O documentário, premiado em Cannes, Toronto e na Mostra de SP, entre outros, concorreu ao Oscar e renovou a visibilidade para a veterana diretora belga Agnès Varda, que fará 90 anos em maio. A cineasta, aliás, tem dois ótimos documentários recentes no currículo: em “Os Catadores e Eu”, de 2000, ela já havia percorrido a França para registrar pessoas que vivem da coleta do lixo. Oito anos depois, fez um autorretrato emocional em “As Praias de Agnès”, sobre sua vida e obra, que merece ser conhecido.
O contraste com JR, que tem 33 anos, é enorme, mas desaparece um pouco a cada quilômetro rodado naquele furgão equipado para dar vida ao papel fotográfico. “Rostos, lugares” é o que procuram, conforme já indica o nome do filme. E, sem roteiro, eles encontram. Os personagens vão e vem, como o movimento de passageiros dos trens que cruzam a França com sua elegância discreta, alguns deles com vagões estampados com trabalhos de JR. Um dia, aliás, a própria Agnès Varda servirá de modelo, pode esperar.

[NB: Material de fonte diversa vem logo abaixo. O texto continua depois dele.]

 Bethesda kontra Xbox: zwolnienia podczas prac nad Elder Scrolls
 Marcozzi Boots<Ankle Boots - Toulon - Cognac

Entre os retratados estão uma senhora, última moradora de uma vila de mineiros, que se recusa a abandonar o conjunto residencial, hoje vazio; um homem que cultiva sozinho uma grande área de terra e, ainda, três mulheres cujos maridos trabalham no porto de Le Havre. As histórias, e os retratos, vão se sucedendo como quem vira as páginas de um álbum de família, mas é na relação entre Agnès Varda e JR que o interesse aumenta.
O filme é feito de conversas, e eles se provocam, misturam ideias e cuidados, há empatia, e a música deixa tudo ainda melhor. A união de duas figuras tão diferentes que se identificam de maneira tão forte desde o primeiro encontro, quando o fã JR vai visitar a cineasta em sua casa, traz equilíbrio e acrescenta. Na viagem, visitam o túmulo do fotógrafo e ícone Henry Cartier-Bresson e vão para a costa da Normandia onde, décadas atrás, o fotógrafo Guy Bourdin posou para as lentes da cineasta. Tudo é história, imagem e movimento, mas também memória.
JR, um “digital influencer” com milhões de seguidores, sabe a força das imagens e como criar impacto, e Agnès Varda é cineasta e documentarista das mais talentosas. Em 62 anos de carreira, a diretora nunca havia trabalhado em dupla com ninguém. Ao concordar com o projeto de JR, ela divide com ele mais que a paixão pelas imagens em movimento, mas também a saudade, a nostalgia e a expectativa do que há por vir. O desfecho, uma visita ao “velho amigo” Godard, é de cortar o coração. Mas JR está ali para mostrar que a história continua.